The Universitat Politècnica de Catalunya · BarcelonaTech (UPC), in collaboration with the Barcelona-Sabadell Aviation Club and the student association Space Generation Advisory Council, organises the Barcelona ZeroG Challenge. The competition is open to teams of up to four students aged between 18 and 35 from any discipline who must submit scientific experiments that need to be conducted in microgravity. The aim of the competition is to encourage scientific vocations, especially in astronautics and space research, and also to disseminate scientific experimentation.

The team with the best proposal, endorsed by a mentor, will have the chance to perform the parabolic flight experiment, in addition to receiving a 2,500-euro grant. Projects will be assessed and selected on the basis of suitability, scientific merit, safety, mentor endorsement, an international and diversity dimension and dissemination activities by independent experts from the European Space Agency (ESA).

The parabolic flight, which allows experiments to be conducted in the absence of gravity, will be performed on a certified acrobatic aircraft at the Barcelona-Sabadell Aviation Club. Media will attend and cover the event. The UPC, in collaboration with the Barcelona-Sabadell Aviation Club, has pioneered the development of parabolic flying for scientific experiments using single-engine light aircraft.

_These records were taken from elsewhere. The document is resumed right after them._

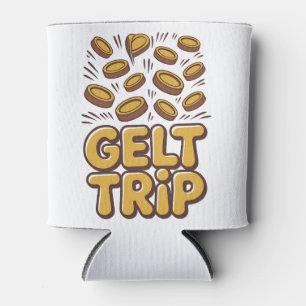 Gelt Trip Funny Hanukkah jüdisch Jude Hebräische K Dosenkühler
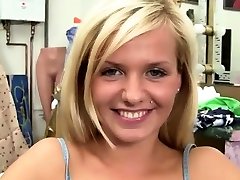 Dildo bj cum Cute towheaded Bella gets pulverized POV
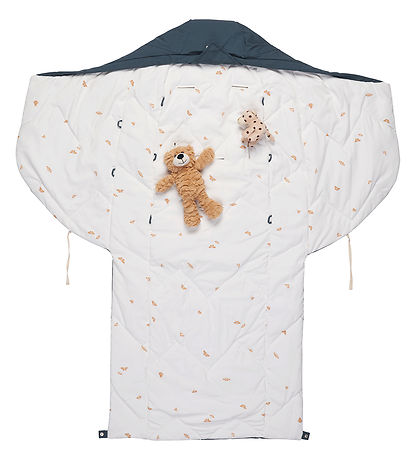 Voksi Kørepose - Carry - 76/108 cm - Poppy Blue/Wings Voksi Kørepose - Carry - 76/108 cm - Poppy Blue/Wings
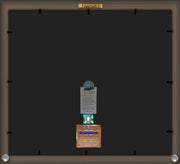 Back view of Georgia Tech Diploma Frame - Flat Matte Black - w/No Embossing - Black on Gold mat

Participation requirements
Teams must submit a two- or three-page proposal that includes the scientific or technical objectives and expected experimental results both on the ground and in flight; a justification of the need for zero gravity; a detailed description of the experiment and of how the data will be processed and analysed; and finally a brief summary of the relevance of the experiment. Teams of multidisciplinary, diverse and international students and ideas for disseminating and communicating the research will be positively valued.

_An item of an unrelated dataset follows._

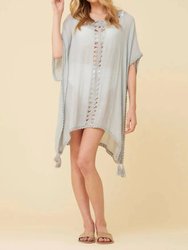 "Vacation" Coverup Dress - Dusty Blue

In addition, participants must submit a short résumé for each team member and a letter of support from a mentor at an academic institution. Documents must be submitted in a compressed file to the competition e-mail address barcelona.zerog@gmail.com before 30 June 2021. The flight of the experiment selected is scheduled for the end of 2021. Meetings and information sessions will be held throughout the year to familiarise students with the Challenge.

Regarding the experiment’s technical characteristics, it must not exceed the maximum dimensions of 80 × 50 × 50 cm and a maximum weight of 20 kg, and it must have an autonomous supply of electricity. The design must ensure that it can be attached to the aircraft or that it is portable. The aircraft will perform successive manoeuvres up to a total of 20 parabolas of up to 8.5 seconds each.

Selection procedure
An independent committee of experts from the European Space Agency (ESA) will choose the winning experiment.

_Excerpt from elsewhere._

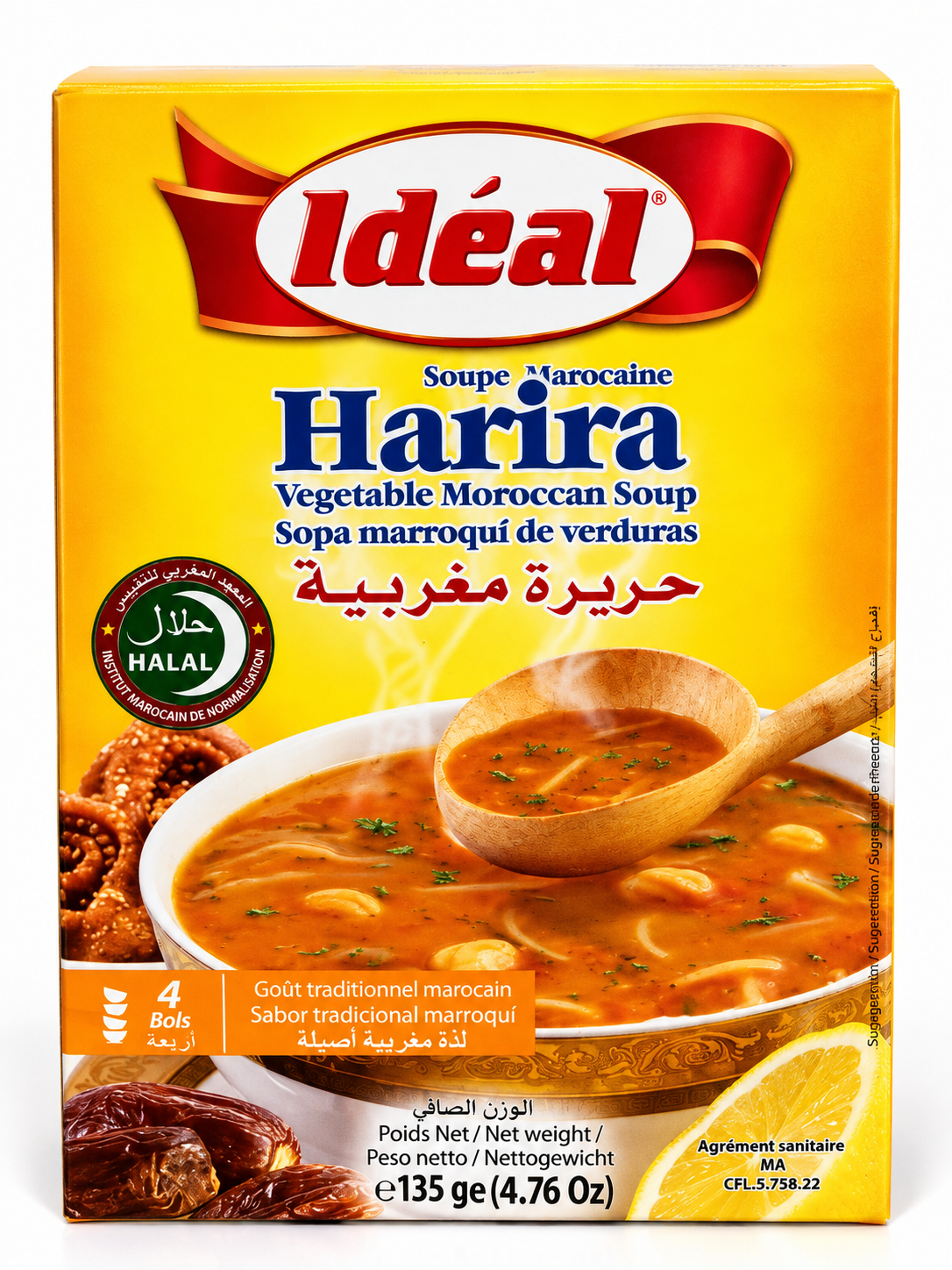 Soupe marocaine Harira Ideal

The Barcelona ZeroG Challenge began in 2010 as an educational competition that gives university students around the world the opportunity to conduct research in microgravity conditions. The experiments are conducted on the non-profit UPC BarcelonaTech parabolic flight platform located at Sabadell Airport (Barcelona). This innovative platform, in operation since 2008, performs parabolas of up to 8.5 seconds of microgravity with single-engine, light aerobatic aircraft. It is a pioneering platform that is open to scientific and technological collaboration with other research groups. Teams of students from several countries have participated in previous editions and have subsequently presented their work in conferences and scientific journals.

The professor and researcher Antoni Perez-Poch, from the Multimedia Applications and ICTs Laboratory of the Barcelona East School of Engineering (EEBE), who promotes the project, explains that this UPC research group has developed a specific flight simulator for this type of manoeuvre to optimise the flight technique. UPC students have participated in this line of research with several bachelor’s and master’s theses.